With its revenues as a premium channel, BBC Arts could rediscover a treasure trove of content, revive arts programme production in the UK, and create an outlet for scores of music festivals and performances around the world.

BBC Arts might even show every single Prom live — and allow BBC free-to-air access to as many concerts as it wanted.

Indeed, central to the logic of such a strategy would be careful dovetailing of premium and free-to-air, with same-week repeats on the free-to-air offering of premium content — not just EastEnders, Strictly Come Dancing, Call The Midwife, Casualty, Silent Witness, Match Of The Day and Death in Paradise, but new dramas generated by the flow of subscription revenues.

In return, the free-to-air service would promote the premium channels: this being the only exception to the no-advertising rule that should still prevail for publicly-funded broadcasting. A free-to-air iPlayer would similarly act as a barker for the premium version.

How likely is this to happen? Sadly, the BBC seems to prefer fantasy. In September, Director-General Tim Davie made a major speech claiming that the BBC each year made or provided 28,000 hours of arts, classical music and culture programmes, and that “no one else comes close”.

Challenged by the Daily Telegraph, the BBC retreated. The vast majority of the claimed hours are not new, but archive programmes dating back decades. Most of the current output is Radio 3’s disc-based content, little different in volume from Classic FM’s. It transpired that last year’s TV output of classical music and dance programmes amounted to just 140 hours, half of which were Proms performances.

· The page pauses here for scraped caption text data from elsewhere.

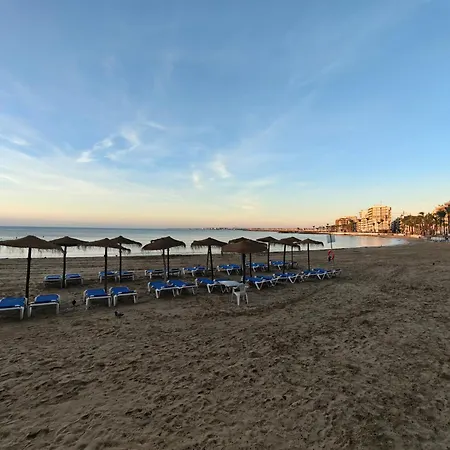Apartmán Sol Y Mar Escape Bergantin Torrevieja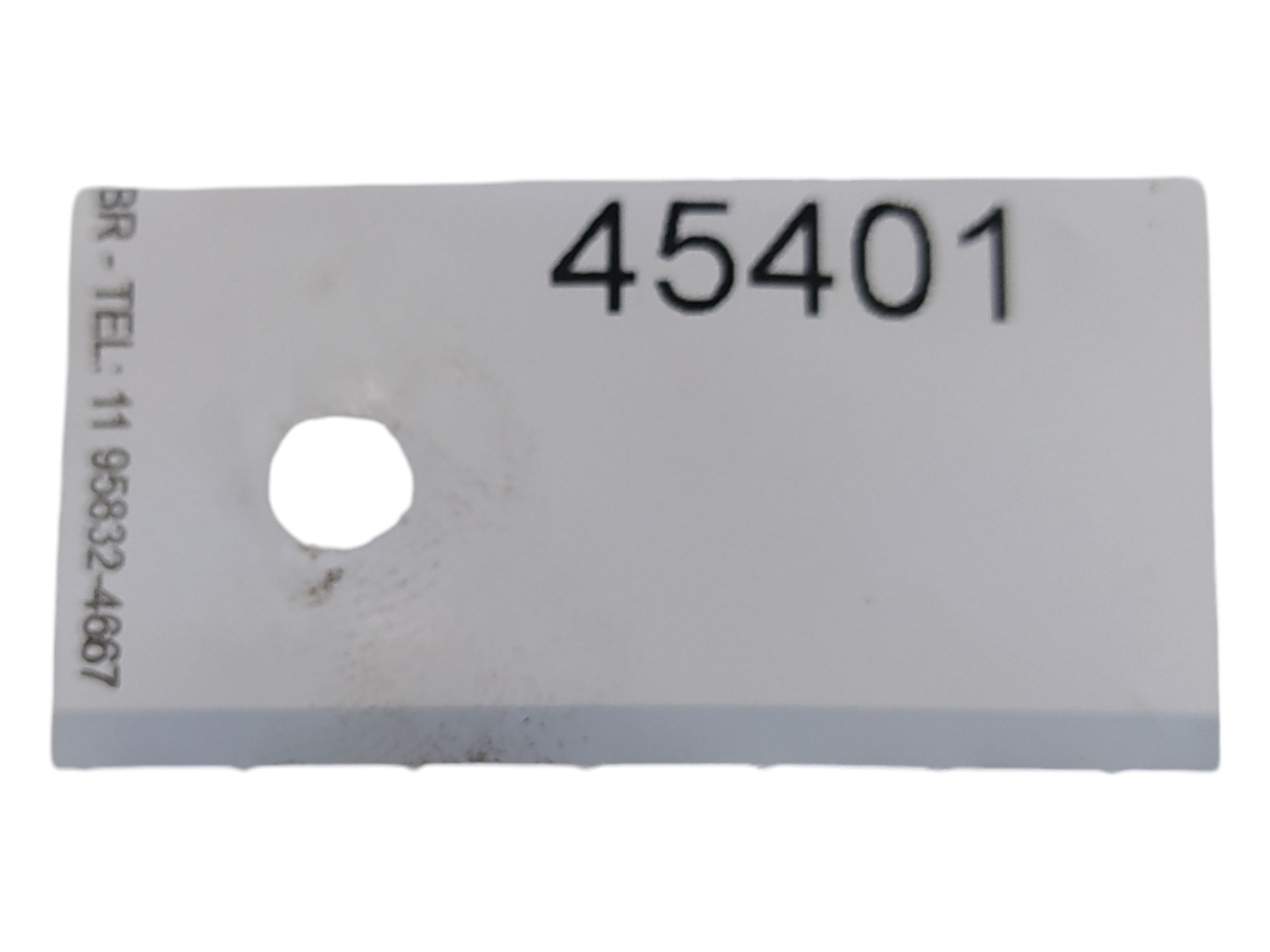 Braço Limpador Vidro Traseiro Fiat Stilo 2003 2004 A 2011 7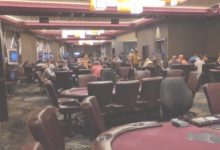 Maryland Live Poker Room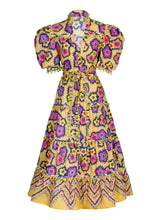 Lottie dress by Celia B x Zandra Rhodes Jackie Commission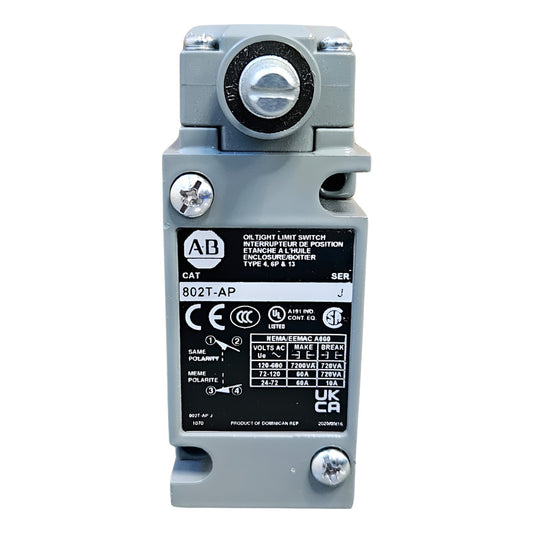 Allen Bradley - Allen Bradley 802t-ap Oiltight Interruptor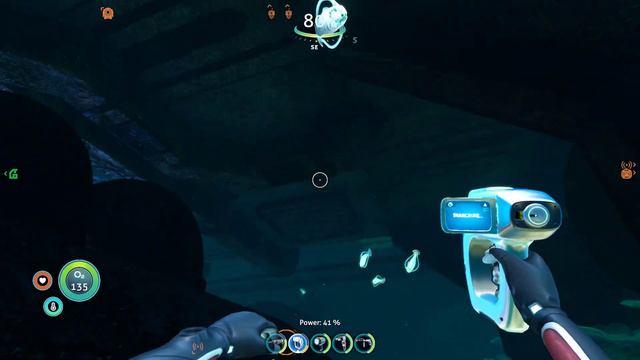 Parallel Processing Unit Subnautica Below Zero Location смотреть онлайн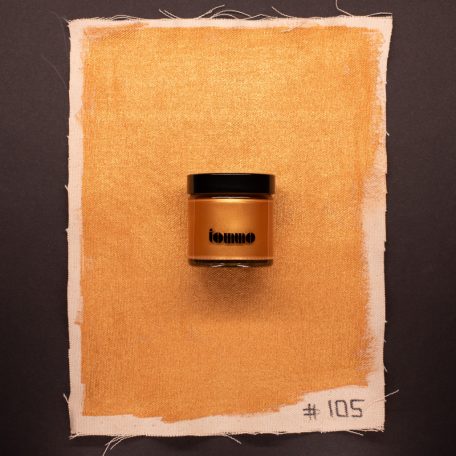 iommo Prémium metálfesték 60 ml Old Gold (1 db)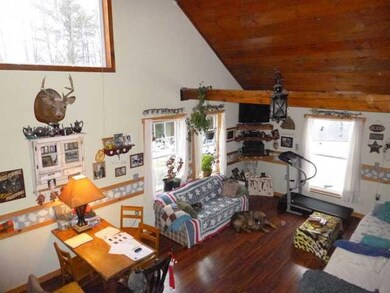 Interior Space/Layout.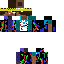 Texture for king corruption
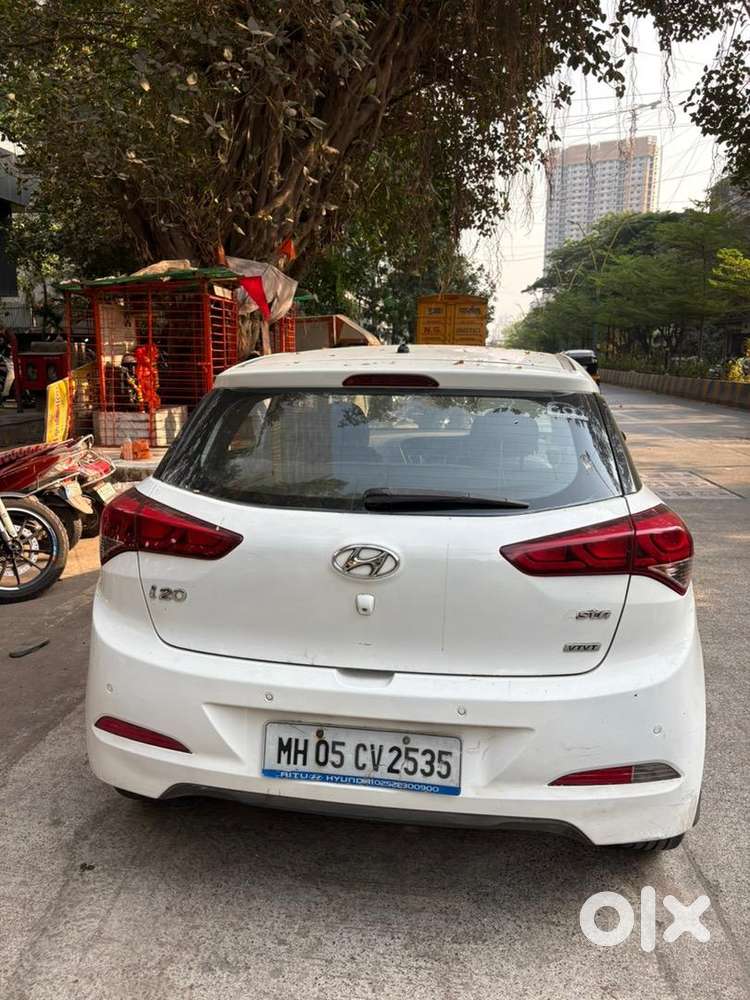 Hyundai I20 2016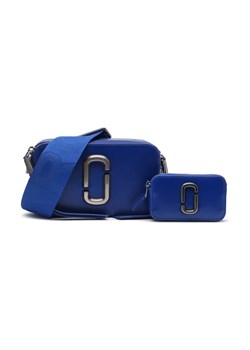 Marc Jacobs Skórzana torebka na ramię + saszetka The snapshot ze sklepu Gomez Fashion Store w kategorii Listonoszki - zdjęcie 184307556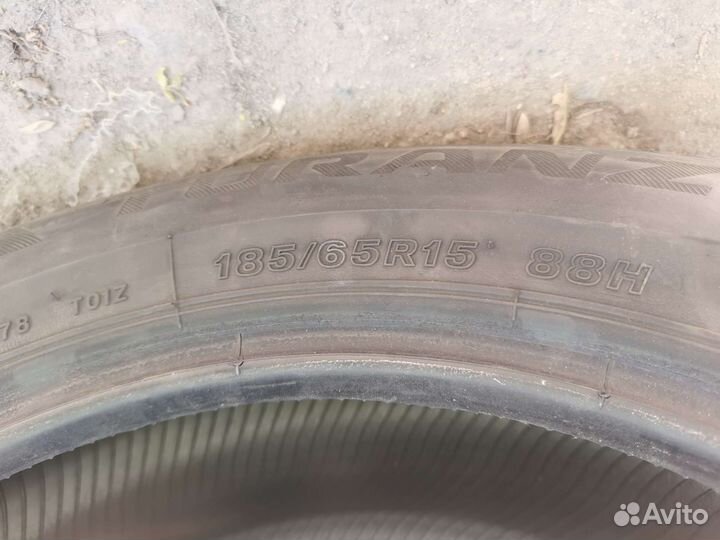 Bridgestone Turanza T001 185/65 R15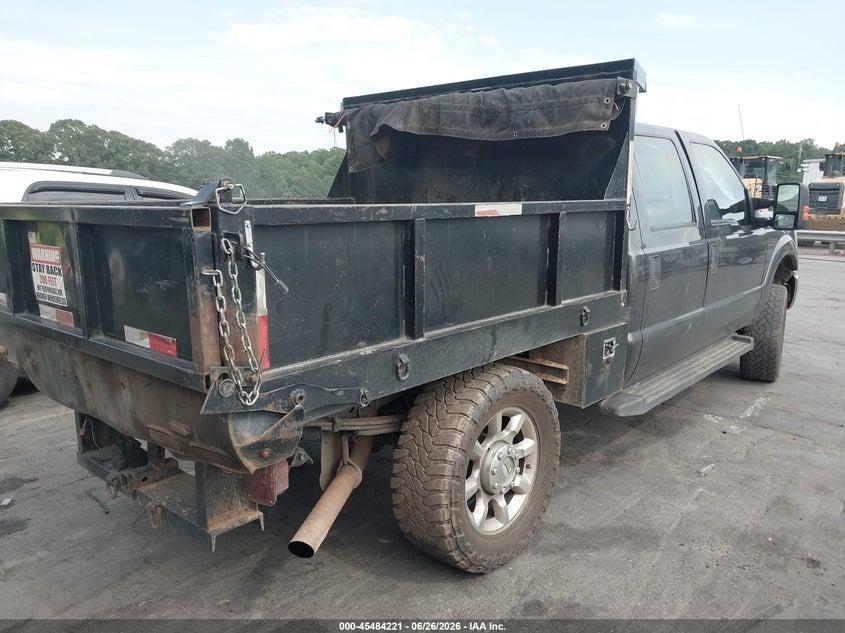 2016 FORD F-250 auction photo 4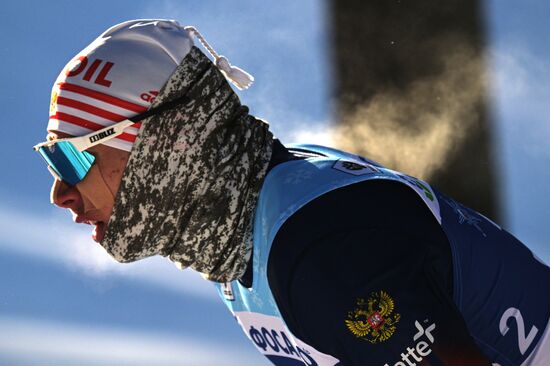 Russia Spartakiad Cross-Country Men Team Sprint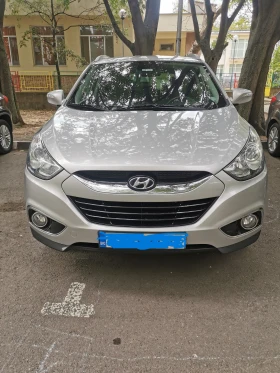 Hyundai IX35, снимка 1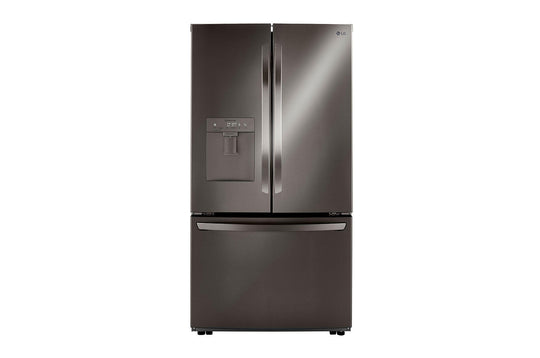 Lg LRFWS2906D 29 Cu Ft. French Door Refrigerator With Slim Design Water Dispenser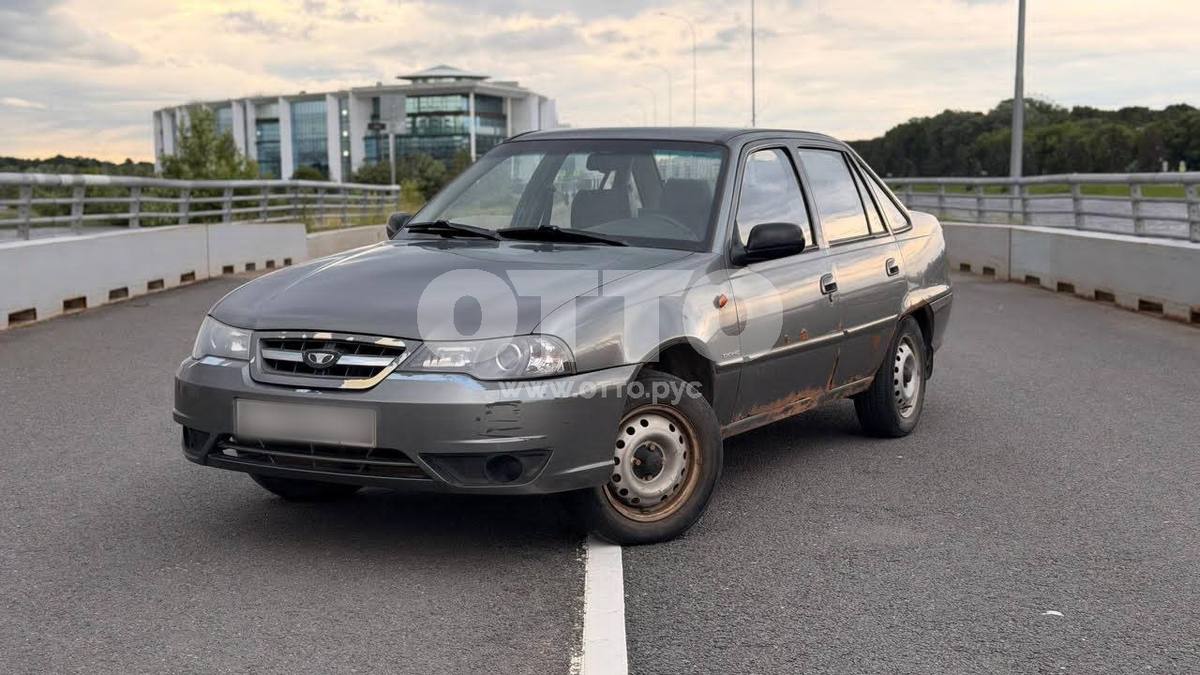 Daewoo Nexia I Рестайлинг седан продажа 2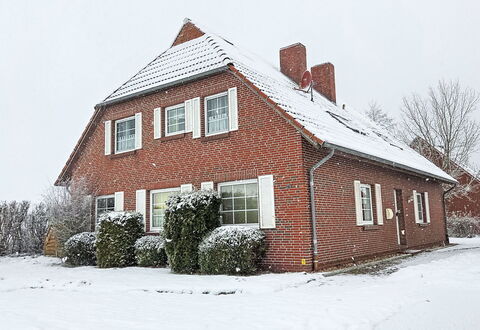 Norddeich 396: Sne, Bygning, Vindue, Vinter, Afdeling, Hus, Hjem, Tag, Sommerhus, Fryser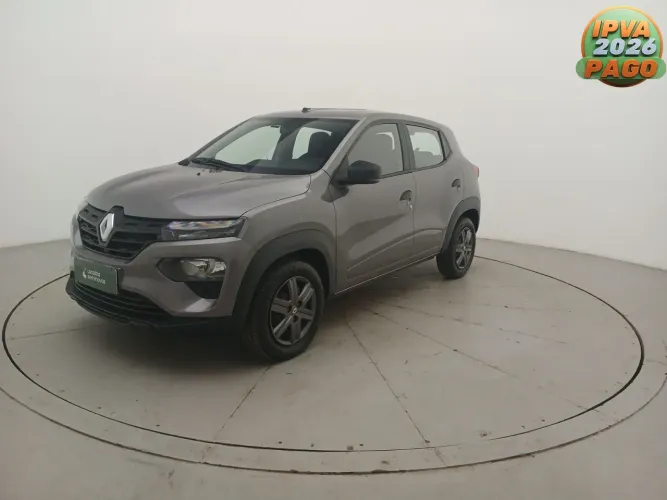 Renault Kwid 1.0 Zen 2026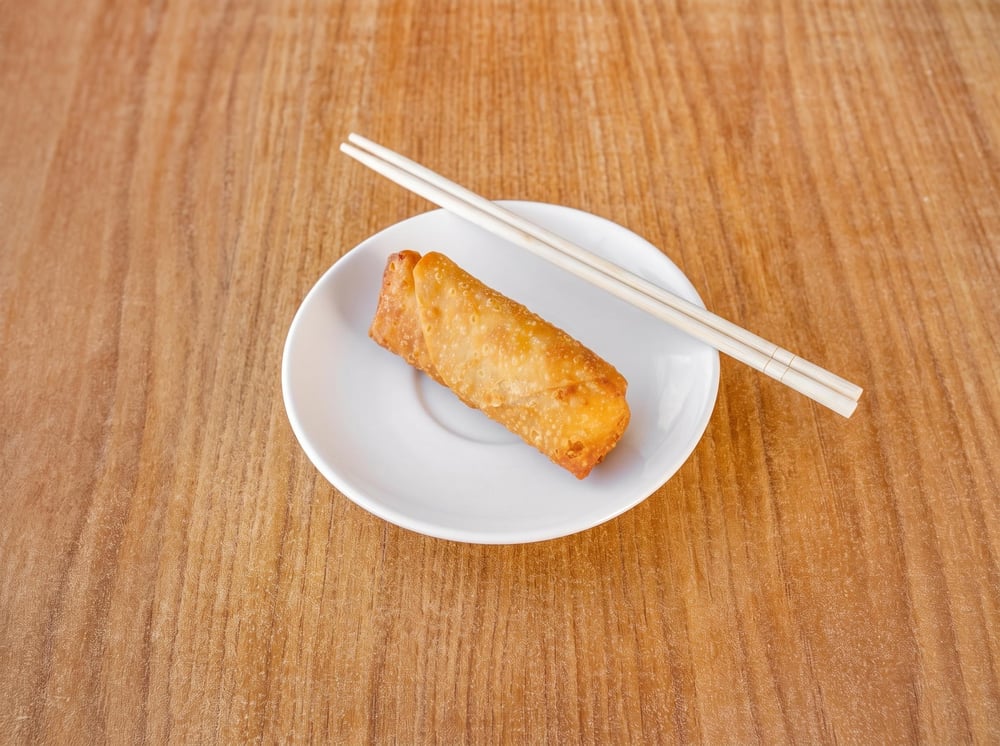 EGG ROLL. (1)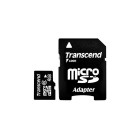 Transcend MicroSD 4Gb (SD adapter ) TS4GUSDHC6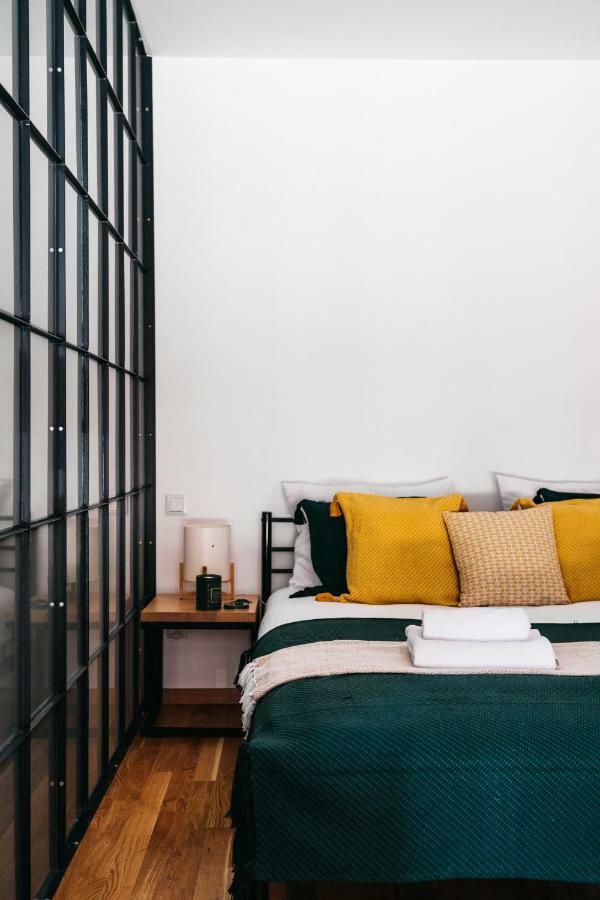 Апартаменти Urban Loft - Loftaffair Краків Екстер'єр фото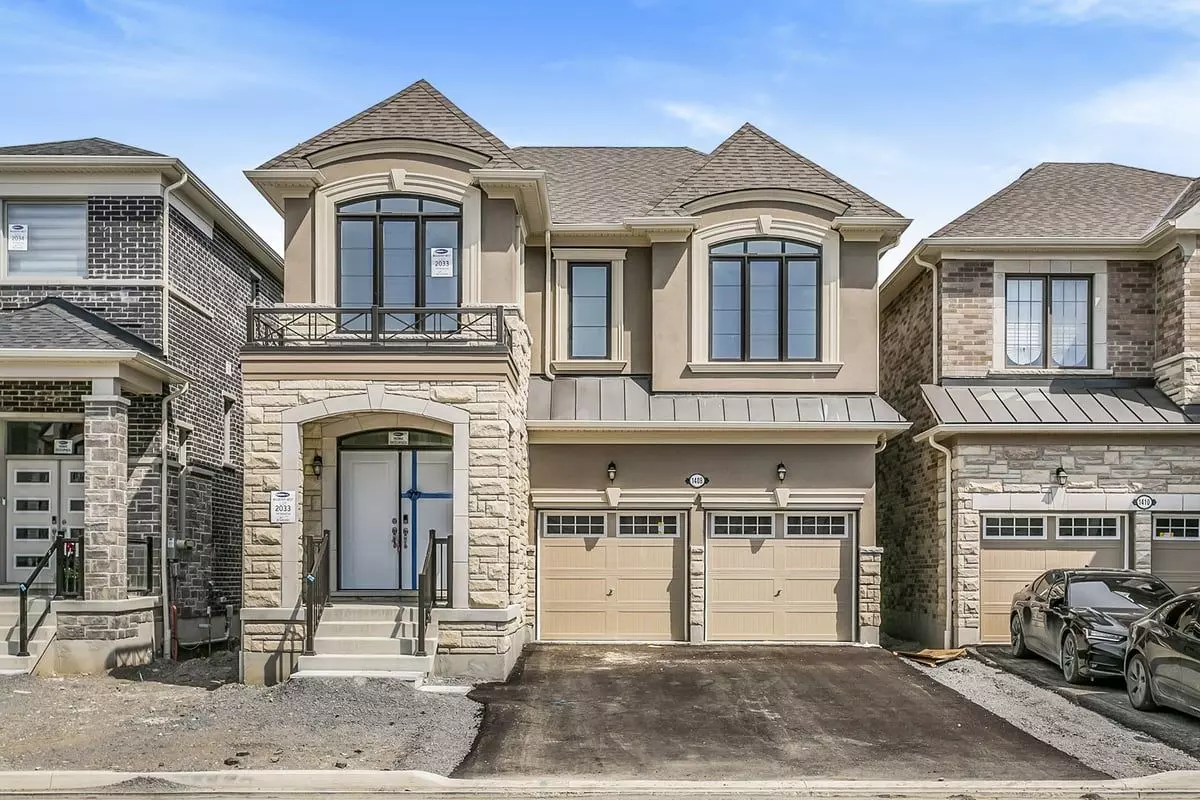 Pickering, ON L0H 1J0,1408 Swallowtail LN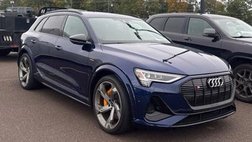 2022 Audi e-tron S quattro Prestige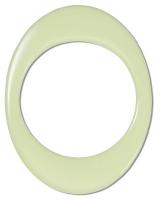 15F305 Doorknob Ring Marking Tape, 3-1/2In D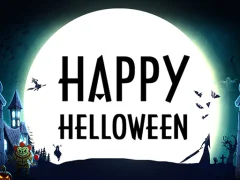 Happy Helloween — безплатна онлайн игра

Formerly a staple of BBC arts output, this year’s coverage of the Leeds International Piano Competition compressed eight days of performance into a single 2-hour highlights programme, broadcast more than five weeks after the event. Sky Arts commissions more TV arts content — and of higher quality. The four-hour series Backstage with the London Philharmonic was the arts programme of the year. Mr Davie should take a look.

The core problem with licence-fee funding is that it purports to assert that all BBC output is of equal public service value. So, Pointless Celebrities (or dozens of similar BBC offerings) is deemed to be not just a public service programme, but one vital to the UK’s creative industries, playing its part in the BBC’s mission to serve all audiences: sufficiently so as to oblige every household with a TV set to pay a large sum to the BBC or face the legal consequences.

It is just such an approach that will condemn the BBC to continued decline and decreasing relevance, even as the opportunity to invest in a dynamic future beckons so strongly. With only its public service output underwritten with guaranteed funds, the BBC as a commercial enterprise would at last be forced to embark on a real efficiency drive. The age of fantasy economics could, finally, be brought to an end.